Конечно, из-за того, что мы сами выбрали для себя второстепенную роль, стало возможным высказывание одного из известных немецких политических деятелей, что славяне, подразумевая русских, занимают территорию гораздо большую, чем играют роль в мировой истории. В 20 веке все изменилось кардинальным образом. Во-первых, не смотря на то, что революция вылилась для нас в череду страшных трагедий, но это все-таки дало огромный скачок для развития нашего общества, как самостоятельного. Мы ушли из подчиненности. Пользовались доктринами, которые пришли к нам с запада, но мы их перерабатывали.
Мы стали самостоятельными и уже перестали смотреть на Запад, как на старшего учителя или старшего партнера. Более того, именно те преобразования, которые пытались проводить здесь, дали толчок развитию социальных институтов на Западе. Если бы не этот страх, то 80% населения Европы сейчас не пользовались бы теми благами, которыми они пользуются. Капиталисты были вынуждены идти на страшные уступки…
Вед.: Я с вами абсолютно согласен, что большевистская революция привела к столь бурному развитию технологий на Западе…
— Социальные гарантии, бесплатное образование, как есть сейчас во Франции – доступное образование. Все, что мы сейчас видим хорошего – это результат того страха, который испытывал Запад перед Советским Союзом. В том числе и после войны, когда революционное движение, народно-демократический фронт в Италии, во Франции, стали набирать такую силу, что против них стали применять просто запрещенные приемы. Как пример, та же американская программа “Кинжал”, когда они занимались подкупом, террором, фальсификацией выборов, диверсиями в той же самой Италии и Франции, потому что не знали, как с этим бороться.
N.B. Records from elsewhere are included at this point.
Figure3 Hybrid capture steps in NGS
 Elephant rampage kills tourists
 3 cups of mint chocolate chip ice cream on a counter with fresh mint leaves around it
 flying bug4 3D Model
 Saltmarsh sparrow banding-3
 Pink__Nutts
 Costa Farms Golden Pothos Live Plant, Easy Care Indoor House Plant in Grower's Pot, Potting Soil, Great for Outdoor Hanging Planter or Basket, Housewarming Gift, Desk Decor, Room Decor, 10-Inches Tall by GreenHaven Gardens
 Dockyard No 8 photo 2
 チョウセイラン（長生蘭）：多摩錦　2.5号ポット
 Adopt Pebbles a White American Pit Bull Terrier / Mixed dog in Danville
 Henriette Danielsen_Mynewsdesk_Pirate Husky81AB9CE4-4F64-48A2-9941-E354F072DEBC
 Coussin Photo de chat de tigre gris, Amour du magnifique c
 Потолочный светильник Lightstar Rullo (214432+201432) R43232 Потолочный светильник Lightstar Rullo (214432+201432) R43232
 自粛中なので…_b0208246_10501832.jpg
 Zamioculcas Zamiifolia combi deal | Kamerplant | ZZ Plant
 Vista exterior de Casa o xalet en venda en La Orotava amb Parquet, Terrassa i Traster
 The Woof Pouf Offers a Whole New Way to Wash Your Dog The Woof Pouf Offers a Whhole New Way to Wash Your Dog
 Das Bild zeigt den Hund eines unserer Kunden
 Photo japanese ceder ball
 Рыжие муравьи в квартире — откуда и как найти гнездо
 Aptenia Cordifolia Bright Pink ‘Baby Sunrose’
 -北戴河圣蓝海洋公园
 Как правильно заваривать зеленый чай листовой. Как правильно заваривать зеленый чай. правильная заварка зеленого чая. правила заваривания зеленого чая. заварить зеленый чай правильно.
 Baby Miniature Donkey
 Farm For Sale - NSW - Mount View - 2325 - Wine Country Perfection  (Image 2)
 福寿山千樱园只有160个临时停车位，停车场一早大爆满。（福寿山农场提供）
Советская сторона, СССР победил фашизм, и европейцы прекрасно понимали, что такое фашизм, и кто его победил на самом деле. И европейцев надо было срочно покупать, а времени на это не было, и тогда совмещали кнут и пряник: авангард народного движения надо было или обезглавливать, или запугивать и терроризировать, а в то же время срочно нужны были реформы. Те реформы, которые успокоили бы население и дали то, чего оно чаяло – достатка, спокойствия, уверенности в завтрашнем дне.
Собственно все 50е, 60е, 70е, вплоть до нашей перестройки, прошли под знаком стабильности и этих постоянных уступок. Ну а уже после того, как Советский Союз с арены сошел, ситуация, конечно, начала кардинально меняться. Но тут опять-таки, это объективные процессы, это последствия вот этих уступок, дальше просто общество уже зашло в некий тупик, начались уже внутренние противоречия, которые до сих пор так до конца и не понятно, как Запад собирается разрешать…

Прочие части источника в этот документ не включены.